4. The method for screening feature subsets of high-dimensional medical data according to claim 1, wherein the selecting K feature variables in each training set to form a candidate feature subset by using a BeSS algorithm comprises:

based on a BeSS algorithm, utilizing Taylor expansion to endow contribution values for each characteristic variable in a training set; and according to the sequence of the contribution values from big to small, acquiring feature variables corresponding to the first K contribution values to form a candidate feature subset.

5. The method of claim 1, wherein the predetermined regression prediction model is a logistic model if the high-dimensional medical data is a classification outcome.

6. The method of claim 5, wherein said computing the predicted performance of each candidate feature subset in its corresponding test set comprises:

training a logistic model by using a training set corresponding to the candidate feature subset;

predicting the trained logistic model by using a test set corresponding to the candidate feature subset to obtain a prediction performance;

the predicted performance includes accuracy Acc of the logistic model and area under the subject's working characteristic curve AUC.

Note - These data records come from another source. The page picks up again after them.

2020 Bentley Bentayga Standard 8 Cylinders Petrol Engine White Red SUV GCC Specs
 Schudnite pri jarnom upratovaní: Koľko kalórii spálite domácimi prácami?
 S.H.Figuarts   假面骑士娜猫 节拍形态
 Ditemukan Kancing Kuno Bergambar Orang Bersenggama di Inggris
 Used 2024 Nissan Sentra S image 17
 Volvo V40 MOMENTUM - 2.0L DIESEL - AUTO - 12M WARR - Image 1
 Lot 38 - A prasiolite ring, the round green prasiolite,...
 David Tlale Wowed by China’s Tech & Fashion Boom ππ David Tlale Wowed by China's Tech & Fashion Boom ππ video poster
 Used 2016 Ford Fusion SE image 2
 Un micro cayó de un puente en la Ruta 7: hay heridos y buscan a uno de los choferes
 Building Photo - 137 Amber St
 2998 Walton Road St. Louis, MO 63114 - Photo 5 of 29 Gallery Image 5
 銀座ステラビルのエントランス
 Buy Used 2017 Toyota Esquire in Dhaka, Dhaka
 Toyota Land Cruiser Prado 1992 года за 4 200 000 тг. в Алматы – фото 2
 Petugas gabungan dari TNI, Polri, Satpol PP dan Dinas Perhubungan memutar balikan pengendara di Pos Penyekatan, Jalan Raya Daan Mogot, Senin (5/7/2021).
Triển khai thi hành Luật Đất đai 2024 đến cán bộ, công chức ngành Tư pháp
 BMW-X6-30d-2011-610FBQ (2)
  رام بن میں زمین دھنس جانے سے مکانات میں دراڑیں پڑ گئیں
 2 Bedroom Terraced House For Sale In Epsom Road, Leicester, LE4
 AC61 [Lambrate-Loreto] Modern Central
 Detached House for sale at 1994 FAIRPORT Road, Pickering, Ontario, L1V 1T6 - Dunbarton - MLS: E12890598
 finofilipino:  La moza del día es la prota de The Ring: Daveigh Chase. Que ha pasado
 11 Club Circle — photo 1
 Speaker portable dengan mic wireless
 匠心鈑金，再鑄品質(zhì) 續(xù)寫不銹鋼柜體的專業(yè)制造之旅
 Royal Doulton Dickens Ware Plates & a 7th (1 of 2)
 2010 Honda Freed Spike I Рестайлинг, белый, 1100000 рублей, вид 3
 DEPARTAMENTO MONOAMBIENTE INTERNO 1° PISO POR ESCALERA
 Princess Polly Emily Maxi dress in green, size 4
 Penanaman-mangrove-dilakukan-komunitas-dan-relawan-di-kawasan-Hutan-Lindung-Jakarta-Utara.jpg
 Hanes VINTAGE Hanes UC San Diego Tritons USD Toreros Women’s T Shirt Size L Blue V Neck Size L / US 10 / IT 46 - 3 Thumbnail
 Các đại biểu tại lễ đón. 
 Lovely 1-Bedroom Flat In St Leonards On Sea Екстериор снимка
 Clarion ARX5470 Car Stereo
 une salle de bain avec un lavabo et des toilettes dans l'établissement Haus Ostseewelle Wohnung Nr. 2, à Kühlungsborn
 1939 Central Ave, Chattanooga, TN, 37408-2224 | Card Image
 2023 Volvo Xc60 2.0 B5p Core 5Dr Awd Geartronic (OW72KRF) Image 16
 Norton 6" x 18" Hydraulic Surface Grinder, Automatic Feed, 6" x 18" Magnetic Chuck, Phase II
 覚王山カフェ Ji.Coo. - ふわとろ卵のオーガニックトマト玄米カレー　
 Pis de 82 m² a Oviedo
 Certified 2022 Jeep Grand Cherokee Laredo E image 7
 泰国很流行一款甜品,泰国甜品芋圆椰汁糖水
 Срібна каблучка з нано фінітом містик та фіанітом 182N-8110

7. The method of claim 1, wherein the predetermined regression prediction model is a Cox model if the high-dimensional medical data is a survival outcome.

8. The method of claim 7, wherein the computing the predicted performance of each candidate feature subset in its corresponding test set comprises:

training a Cox model by utilizing a training set corresponding to the candidate feature subset;

predicting the trained Cox model by using a test set corresponding to the candidate feature subset to obtain a prediction performance;

the predicted performance includes the area under the subject work characteristic curve AUC of the consistency index C-index of the Cox model versus median survival.

9. A method for screening feature subsets of high-dimensional medical data, characterized in that when the number K of feature variables in an optimal feature subset is a fixed value, the method comprises:

acquiring a high-dimensional medical data set, and dividing the high-dimensional medical data set into a training set and a testing set based on a random sampling strategy; repeatedly dividing to obtain a plurality of pairs of training sets and corresponding test sets;

selecting K feature variables from each training set by using a BeSS algorithm to form a candidate feature subset; based on a plurality of training sets, acquiring a plurality of candidate feature subsets to form a candidate feature set;

calculating the prediction performance of each candidate feature subset in the corresponding test set by using a preset regression prediction model;

and constructing a consistency scoring model based on the predicted performance of the candidate feature subsets and the occurrence frequency of each feature variable in the candidate feature subsets in the candidate feature sets, and acquiring the candidate feature subset with the highest consistency score as an optimal feature subset.